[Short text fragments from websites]
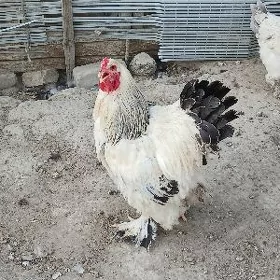 хороз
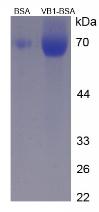 Figure 3. SDS-PAGE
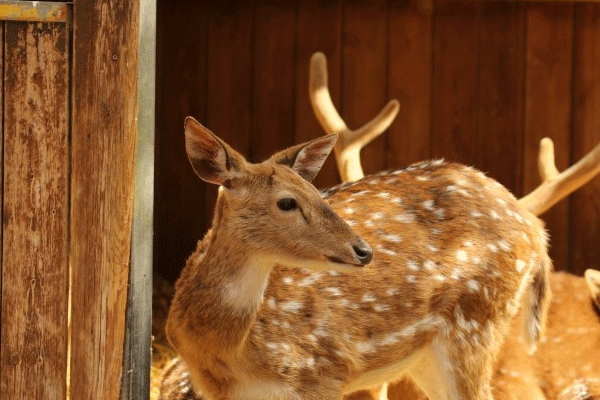 皮毛漂亮的梅花鹿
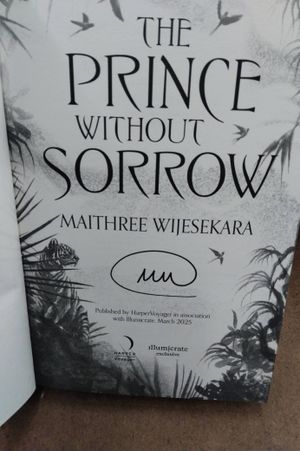 The Prince Without Sorrow image number 2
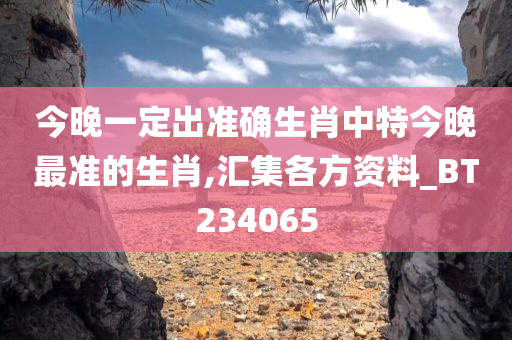 今晚一定出准确生肖中特今晚最准的生肖,汇集各方资料_BT234065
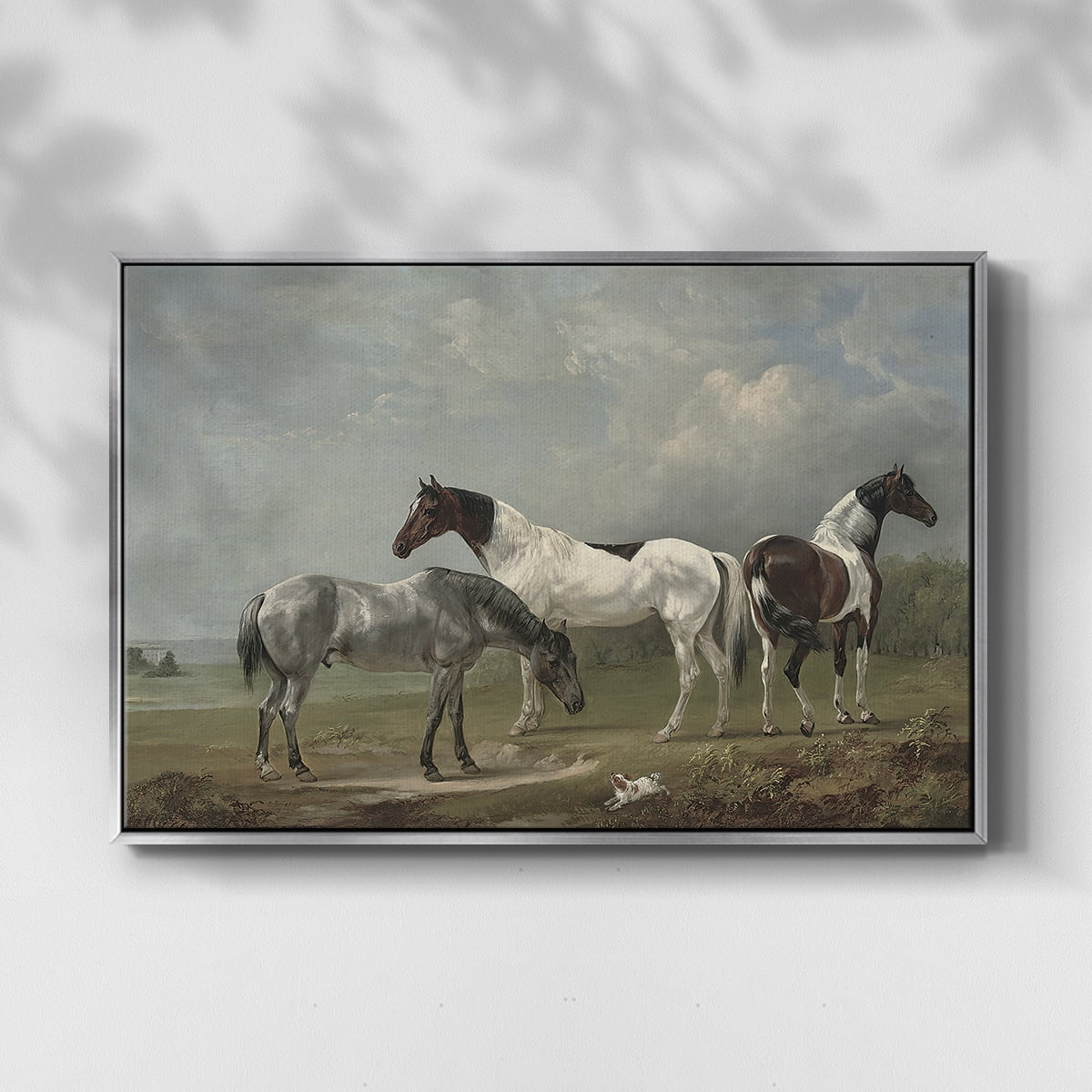 Vintage Animal Print-XX By Wexford Home Framed in Silver Wood Gallery Wrapped Canvas 17 in. x 25 in.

WHAT YOU ARE ASKED TO DO ▸ Copy out only the lines beginning at the line with "The Prince Without Sorrow image number 2" and ending at the last line of the entries. Keep them exact; drop pictures.

RESULT OF THE TASK ▸
 The Prince Without Sorrow image number 2
 今晚一定出准确生肖中特今晚最准的生肖,汇集各方资料_BT234065
 Vintage Animal Print-XX By Wexford Home Framed in Silver Wood Gallery Wrapped Canvas 17 in. x 25 in.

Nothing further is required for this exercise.